The long-standing dispute between air traffic controllers and Highlands and Islands Airports Limited (HIAL) could be brought to an end in time for Christmas.
Union leaders and HIAL representatives yesterday said they were on the verge of thrashing out a potential deal over pay.
Proposals are expected to be put to be put to Prospect Union members later this week, with union leaders recommending them to members.
In the meantime, a halt has been called to all strike action while the deal is considered, with the progress welcomed by politicians.
They hope it will bring an end to the disruption that has blighted some of the airports within the HIAL network for some time.
The dispute, which has rumbled on for 12 months now, was ignited after Prospect members voted overwhelmingly in favour of strike action.

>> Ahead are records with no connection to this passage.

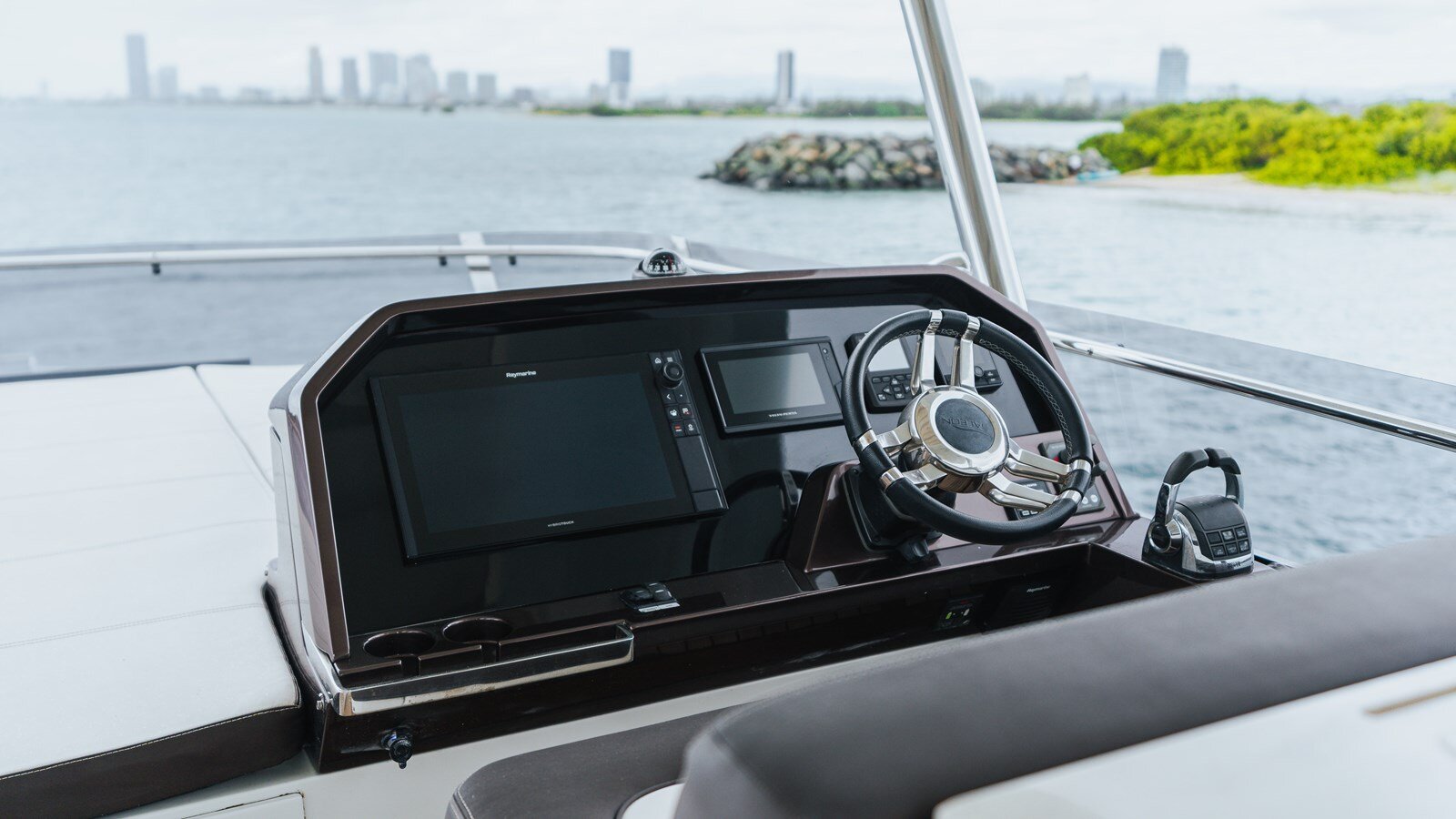 2020-galeon-yachts-68-3-adee73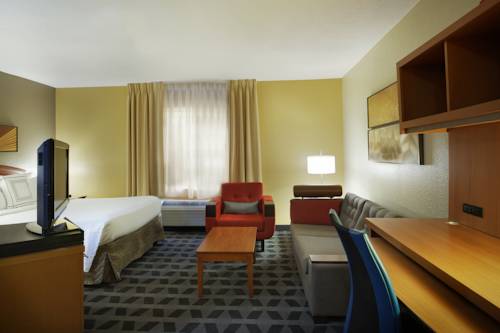 Imagen de la habitación del Hotel Towneplace Suites Tampa North I-75 Fletcher. Foto 9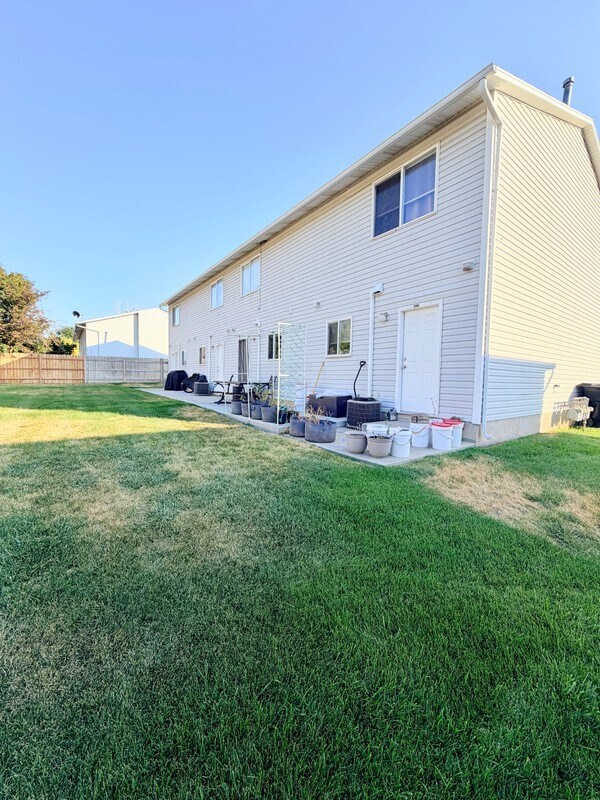Building Photo - 682 N 400 W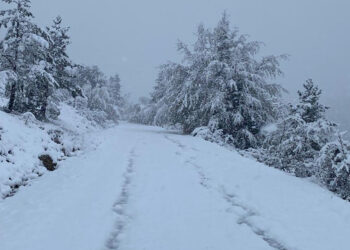 Kastamonu'da kar yağışı; Kış lastiği olmayanlar yolda kaldı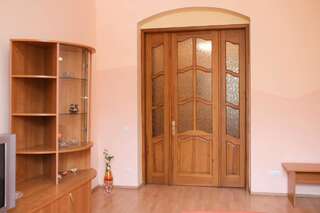 Апартаменты Apartment near St. Elizabeth Church Львов Апартаменты с душем-7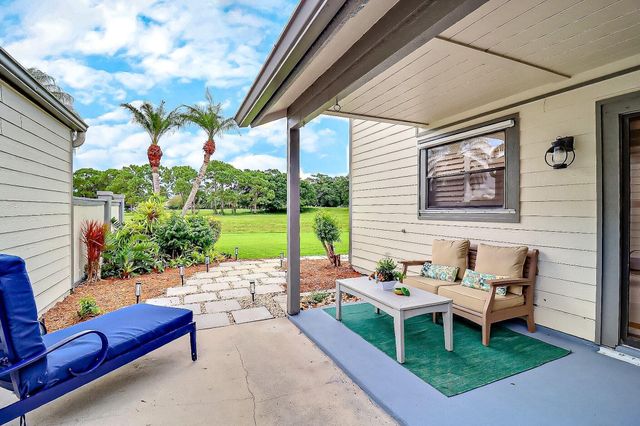 2514 Bedford Mews Drive, Wellington, FL 33414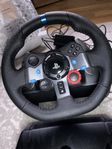 Logitech G29 ratt och pedaler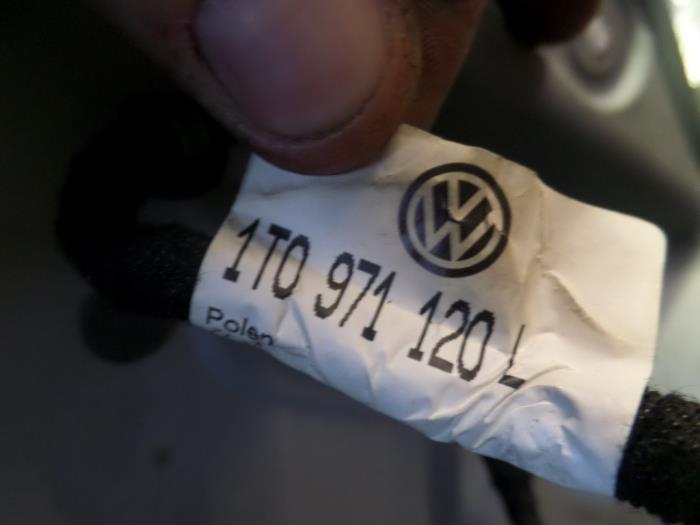 Begagnade Kablage Volkswagen Touran (1T1/T2) 2.0 TDI 16V 140 Pris på förfrågan erbjuds av N Kossen Autorecycling BV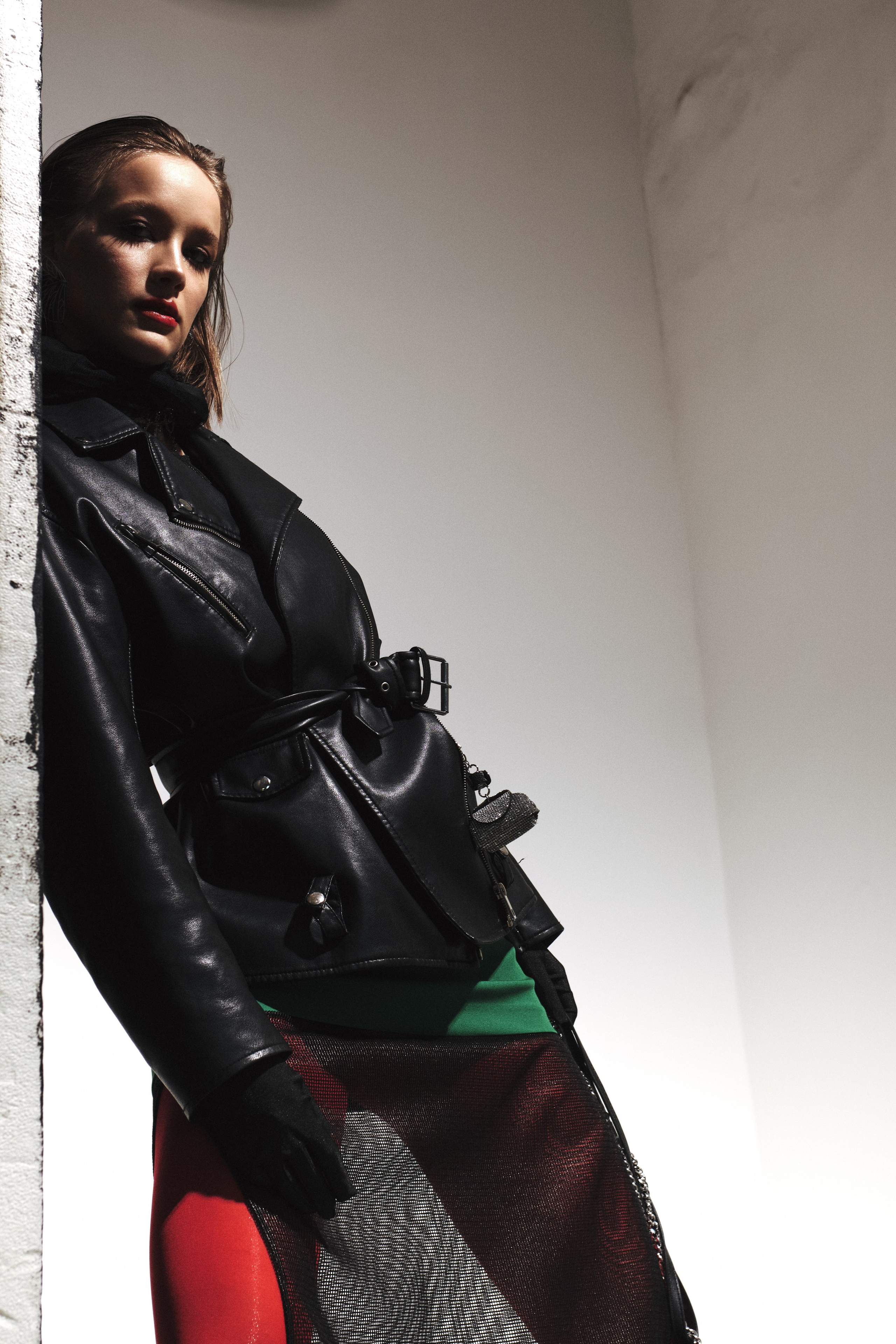 Модельные тесты в стиле гранж. Фотограф в Москве Михаил Елизарьев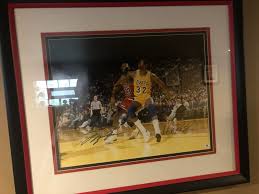 Authenticity of a Jordan Autograph: Expert Opinions Needed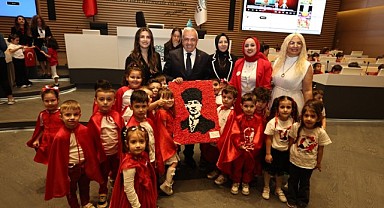 Minikler bayram coşkusunu Başkan Özdemir ile paylaştı
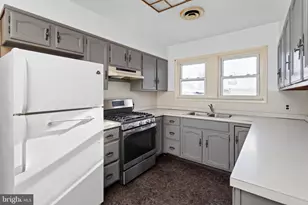 140 Maddock Ave, Hamilton Township, NJ 08610 - Photo 13
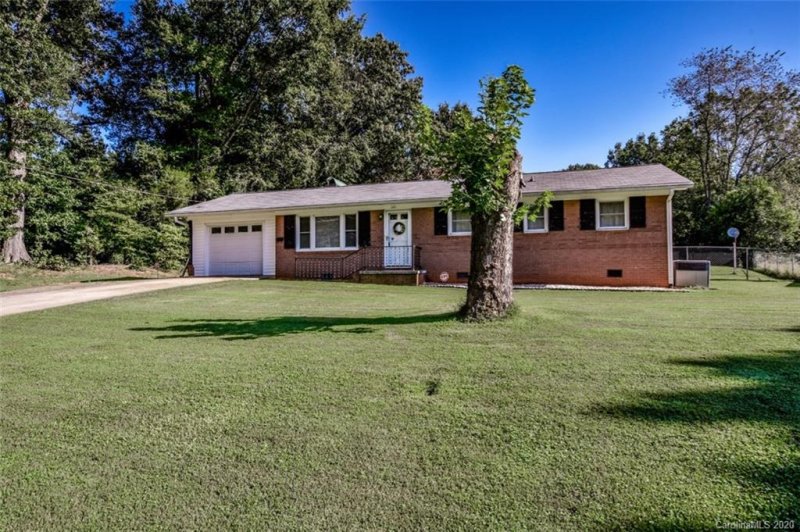 Property image 3 at 321 Walton Drive, Statesville, NC 28625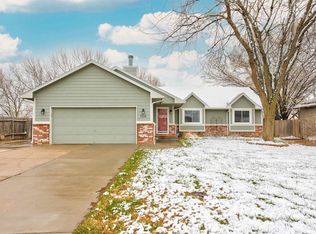 1114 N McCaskey Dr, Rose Hill, KS 67133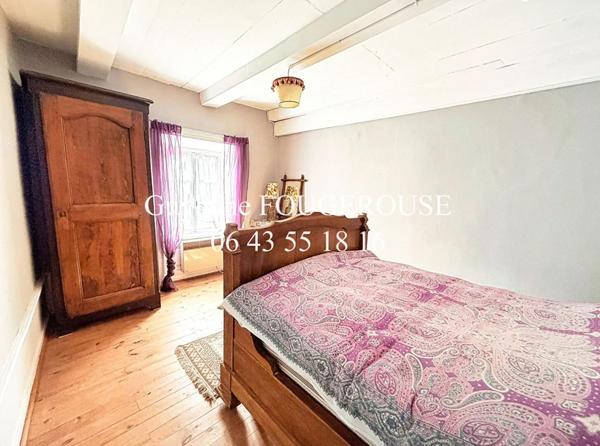 Maison en pierre avec cour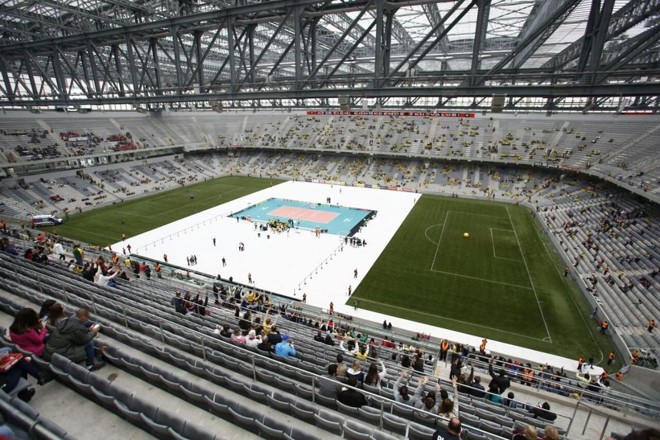 Arena da Baixada recebeu o jogo da despedida do líbero Serginho da seleção brasileira de vôlei. | Marcelo AndradeGazeta do Povo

They have been seeking a 10% pay increase, rejecting the airport operator’s offer of a 2% increase.
Talks have been ongoing with few signs of compromise, until now.
The proposed deal still requires the fine details to be agreed, but it is hoped that will take place at a meeting later this week.
HIAL managing director, Inglis Lyon, said: “We are pleased to advise that our talks to resolve the current air traffic control dispute have progressed and Prospect will put our revised offer to their membership.
“Following a further meeting this week to finalise the detail, Prospect will recommend the offer to their members.
“Prospect has confirmed it will lift the work to rule during the period while the offer is under consideration, which we welcome.”
Under the agreement, the work to rule which controllers had been undertaking ceased yesterday at 5pm, reinstating full service to cover out-of-hours provision at HIAL operated airports.
A Prospect spokesman said a “preliminary agreement” has been achieved with a ballot to be issued to its members once final details have been confirmed.
Prospect has agreed to suspend its action while members are consulted.
Local elected members yesterday welcomed the move to resolve the dispute.
Edward Mountain MSP said: “At last, it appears we have some meaningful progress.
“A solution in time for Christmas so that Highlanders and Islanders can travel without fear of delays from strike action would be a great result.”
Orkney MSP Liam McArthur said the “unpredictability” of the dispute “has proved particularly disruptive” and had both a financial and reputational cost.
He has called on all parties to work together to rebuild relationships.
Highlands and Islands MSP Rhoda Grant said she was pleased a “substantive offer” had been made to resolve the “stalemate”.
She said: “I know that they have not relished the work to rule conditions, but have seen it as necessary.”